The system is handling 20Mbit/s traffic (IPTV) with just 1% cpu for the time displayed. With starting the bouncer the increase in cpu and temperature started.

Maybe there is some room for optimizations?

Adding bigger amounts of ips (like another 16033 decissions) is creating a smaller spike. So I wonder if there are two different ways used for adding small or bigger portions of ips.

Answer 1 · 2023-08-17T07:48:18.000Z

Maybe there is some room for optimizations?

Do you have any recommendations? we already split into smaller batches only get IP based decisions.
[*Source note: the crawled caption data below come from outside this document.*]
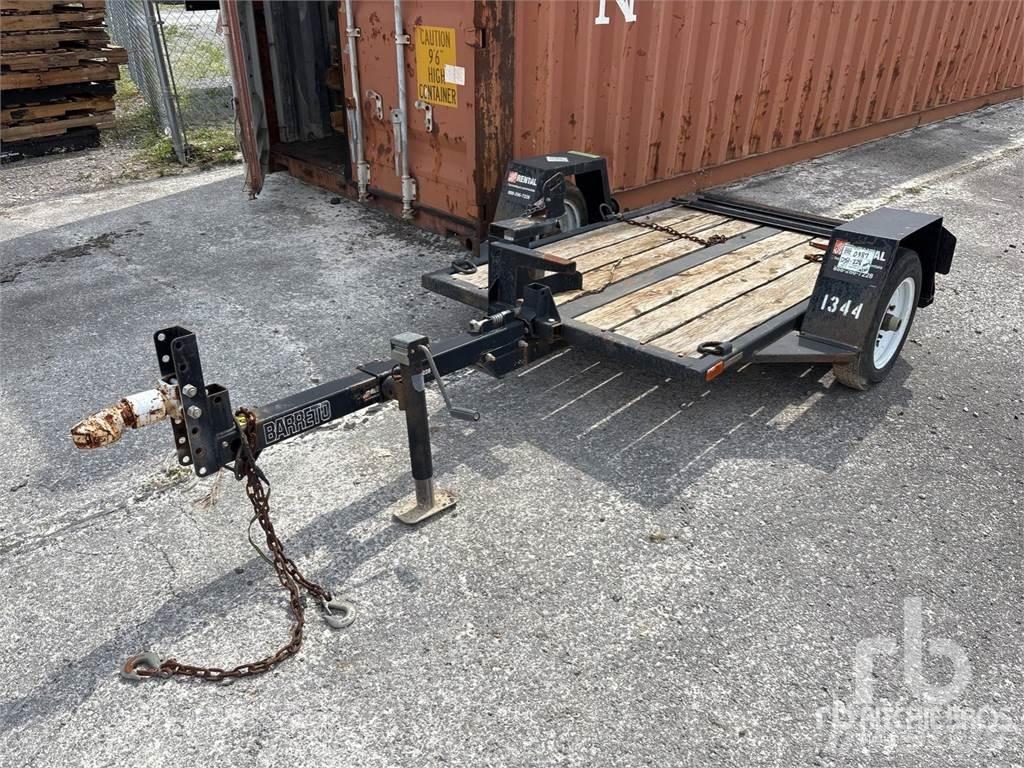 Barreto E4X6TBT Car carrier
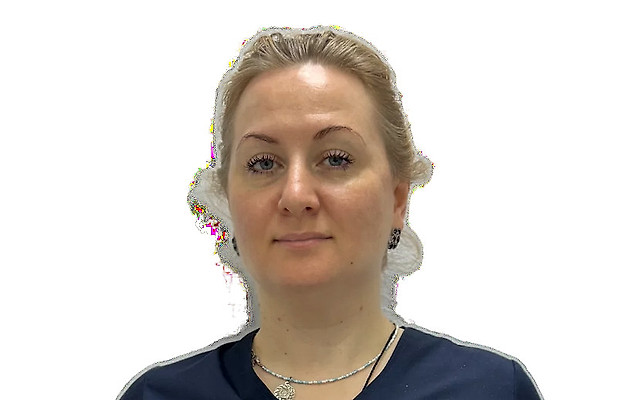 Солопий Ольга Николаевна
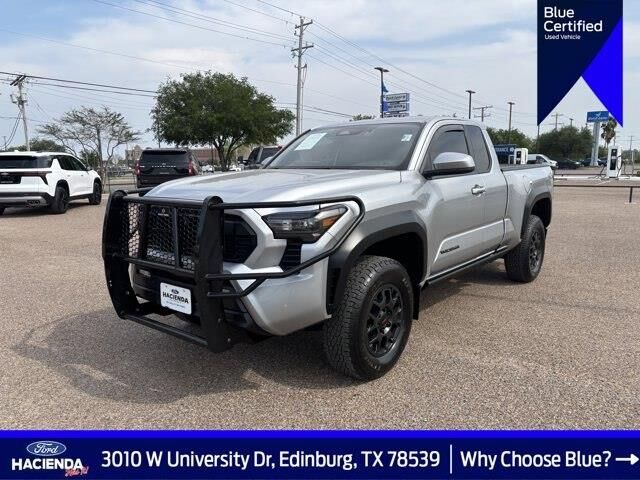 2024 Toyota Tacoma SR5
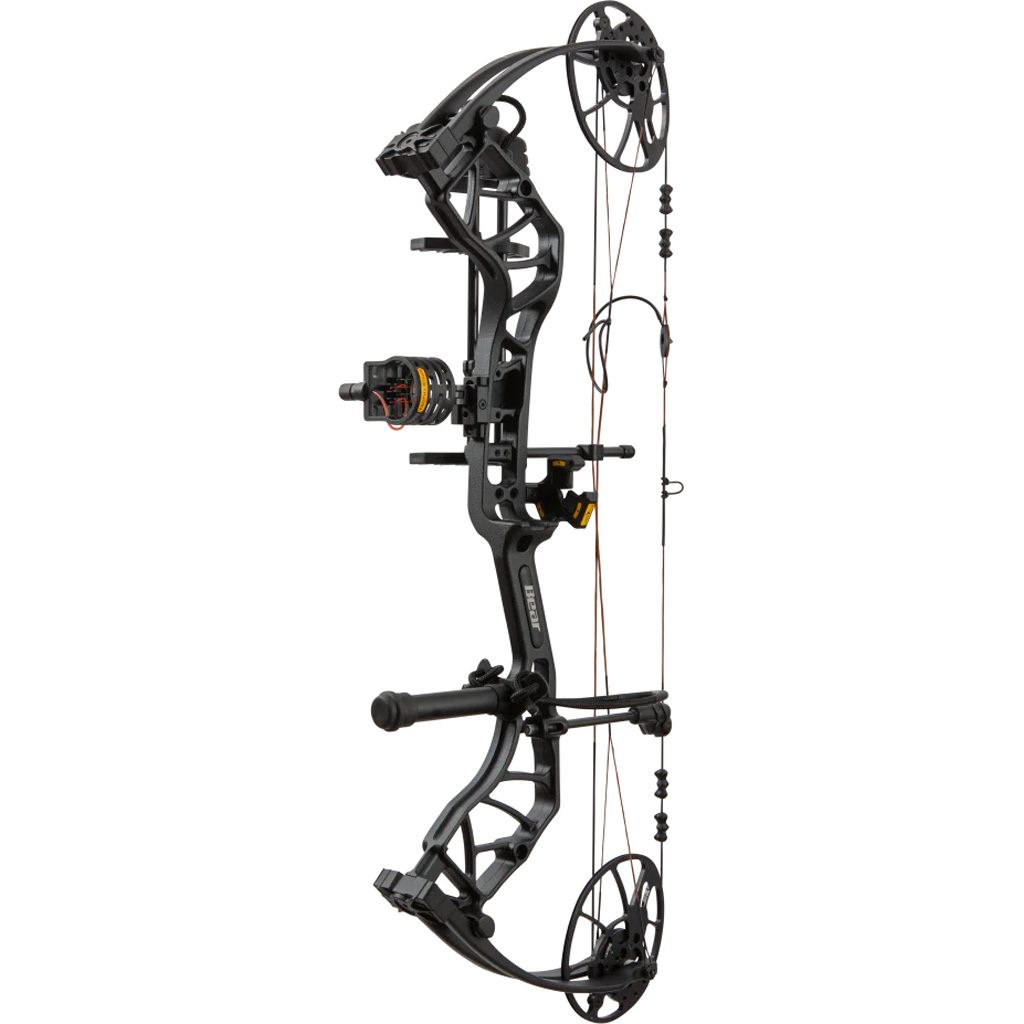 Bear AV54A23117L Legit MAXX RTH Bow 10-70 lbs LH Black 30" Axle-to-Axle - Bear Archery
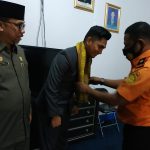 Ketua DPRD Natuna Sambut Kedatangan Kepala KPP, Bahas Tindak Lanjut Usulan Lahan Penambatan Kapal Ketua DPRD Natuna Sambut Kedatangan Kepala KPP, Bahas Tindak Lanjut Usulan Lahan Penambatan Kapal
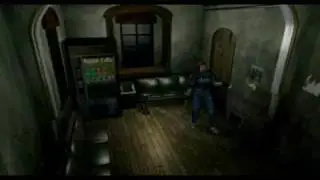 Resident Evil 2 Playthrough: Leon B Part 03 - Collecting Red Gems, Reunited with Claire, D & H Key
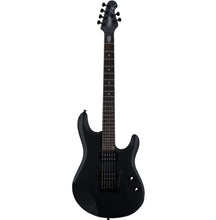 Sterling JP60-SBK John Petrucci Signature Electric Guitar, Stealth Black
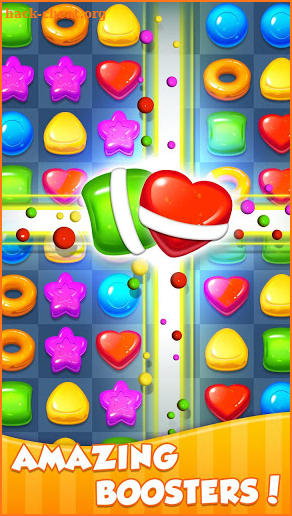 Candy Light - 2018 New Sweet Glitter Match 3 Game screenshot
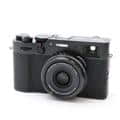 FUJIFILM (フジフイルム) X100V ブラック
Any feedback you can provide we can explore.

EDIT: are you subscribed to any third party blocklists via the console?

Edit edit: I realised that the chunking optimisation is version 0.0.28 and I saw your issue with armv8 guessing you can test it without that version?

So I have been doing some testing for a potential bug in crowdsec but at the same time thought I test nftables. I see most of CPU usage is originating from the nft binary that is called when inserting/updating/deleting so at this moment it might be the way nftables handles the update causing the spike.

Update: turning off Prometheus seems to solve the cpu usages for me

Update update: it seems the metrics inspects the chains which can provide a massive json payload and doing this every 10 seconds was the problem for me..... hmmmm

Answer 2 · 2023-08-17T14:59:25.000Z

Maybe we should do #314 for sanity

Answer 3 · 2023-08-17T17:48:05.000Z

Hi
yes, I wanted the ARMv8 so I can test with my BananaPi R3. I currently have 0.0.27 running. If there is optimizations in 0.0.28 I'd be happy to test it. :)
And I have one ip list subscribed: tor exit nodes.

Regarding the metrics, this is my config.yaml:

root@BPiR3:~# cat /var/etc/crowdsec/bouncers/crowdsec-firewall-bouncer.yaml
mode: nftables
pid_dir: /var/run/
update_frequency: 10s
daemonize: true
log_mode: file
log_dir: /var/log/
log_level: info
log_compression: true
log_max_size: 100
log_max_backups: 3
log_max_age: 30
api_url: http://cs-lapi:8014/
api_key: *****************************
insecure_skip_verify: true
disable_ipv6: false
deny_action: drop
deny_log: false
supported_decisions_type:
  - ban
#to change log prefix
deny_log_prefix: "crowdsec: "
#to change the blacklists name
blacklists_ipv4: crowdsec-blacklists
blacklists_ipv6: crowdsec6-blacklists
#type of ipset to use
ipset_type: nethash
#if present, insert rule in those chains
iptables_chains:
  - INPUT
#  - FORWARD
#  - DOCKER-USER
## nftables
nftables:
  ipv4:
    enabled: true
    set-only: true
    table: crowdsec
    chain: input
  ipv6:
    enabled: true
    set-only: true
    table: crowdsec6
    chain: input
# packet filter
pf:
  # an empty disables the anchor
  anchor_name: ""
prometheus:
  enabled: false
  listen_addr: 127.0.0.1
  listen_port: 60601

Answer 4 · 2023-08-21T13:42:04.000Z

Hi @ne20002 ,

as I said in the other ticket the arm64 version should work for v8, I don't recall specific changes for performance in nftables 0.0.27->0.0.28 but there was a refactoring and dependency updates so I'd be interested to know how it works for you.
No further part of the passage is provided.